Why not breath in a cigarette
Let me go further in introducing myself: I am a bartender in a pretty affluent area. People in this area are very entitled and treat each other like absolute garbage, but somehow I got to be partnered with the most amazing ladies and gentlemen to work with ever. Don’t get me wrong though, we all have some problem or another. Except for J. He is just perfect. More about that later. Boy do I have some messed up stories about being a bartender.
Back to my home life. I am dating a man 5 years older than myself. For the last three, almost four years I had been having realizations. At first I tried very hard to fix myself when problems arose in my relationship, but I have truly started to understand what gaslighting is. For instance, I was going to the gym and feeling confident in how I was looking, so i put on shorts for the first time in about a year. And the first thing that he says to me “Hey, your legs look really big, and not in a good way”... welp, I put some legging back on.
I planned out my schedule the other day and realized that I have about a 55 hour week without homework. Just with school and work. I guess... I get a little tired. But my name at home now a-days is “sloth queen” because I am lazy, not driven and can’t keep anything clean.
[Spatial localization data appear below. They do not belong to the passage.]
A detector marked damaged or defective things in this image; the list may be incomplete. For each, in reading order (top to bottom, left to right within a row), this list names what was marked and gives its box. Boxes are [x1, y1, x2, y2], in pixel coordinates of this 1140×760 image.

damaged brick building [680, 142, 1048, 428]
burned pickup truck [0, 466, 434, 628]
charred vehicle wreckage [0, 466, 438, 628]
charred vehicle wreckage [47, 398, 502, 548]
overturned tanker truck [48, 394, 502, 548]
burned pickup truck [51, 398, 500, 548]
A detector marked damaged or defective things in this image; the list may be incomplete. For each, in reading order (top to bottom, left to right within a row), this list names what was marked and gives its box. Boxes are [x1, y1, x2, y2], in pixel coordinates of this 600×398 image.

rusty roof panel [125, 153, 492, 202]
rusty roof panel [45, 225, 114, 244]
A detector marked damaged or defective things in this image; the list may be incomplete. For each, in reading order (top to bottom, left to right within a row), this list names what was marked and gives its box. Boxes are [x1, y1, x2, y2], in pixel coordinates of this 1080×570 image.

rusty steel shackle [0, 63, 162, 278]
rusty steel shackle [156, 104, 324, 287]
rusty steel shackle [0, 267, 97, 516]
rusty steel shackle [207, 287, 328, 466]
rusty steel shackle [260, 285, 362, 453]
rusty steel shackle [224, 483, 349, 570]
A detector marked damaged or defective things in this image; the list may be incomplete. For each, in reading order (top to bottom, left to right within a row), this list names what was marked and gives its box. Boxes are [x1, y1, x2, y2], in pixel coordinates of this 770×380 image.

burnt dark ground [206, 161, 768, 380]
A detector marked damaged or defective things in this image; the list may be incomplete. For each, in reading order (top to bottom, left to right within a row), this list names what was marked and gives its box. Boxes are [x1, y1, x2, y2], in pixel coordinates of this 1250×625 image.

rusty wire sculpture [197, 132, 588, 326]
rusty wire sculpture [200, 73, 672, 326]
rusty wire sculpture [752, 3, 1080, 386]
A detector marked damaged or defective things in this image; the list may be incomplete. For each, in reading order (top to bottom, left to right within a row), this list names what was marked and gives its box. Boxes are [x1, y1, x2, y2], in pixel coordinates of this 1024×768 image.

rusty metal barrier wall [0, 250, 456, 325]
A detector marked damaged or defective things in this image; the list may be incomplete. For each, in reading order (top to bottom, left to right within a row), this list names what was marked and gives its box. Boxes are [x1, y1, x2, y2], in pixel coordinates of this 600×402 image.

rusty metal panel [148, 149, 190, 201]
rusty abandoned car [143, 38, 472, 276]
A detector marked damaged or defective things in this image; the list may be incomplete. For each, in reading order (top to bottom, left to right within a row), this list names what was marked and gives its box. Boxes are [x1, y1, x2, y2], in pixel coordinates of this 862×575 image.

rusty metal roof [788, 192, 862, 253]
Honestly, I feel driven until he tells me I’m not. It’s like he constantly breaks me down. It’s like he wants me to fail sometimes.
I’m sure that everyone (me) because I am the only one reading this is wondering why even stay with someone like this. Well there are ... okay aspects to this relationship, though not many as of late. anyway. A lot of people in psychology will understand that the fear of losing something is much more influential than the possibility of gaining something better.
Plus. If he were to describe me he’d say, I’m “overly emotional” and “can’t remember anything”. For some reason I never remember anything that happened correctly. But why would he stay with someone like that if he hates it so , much? That I still don’t understand.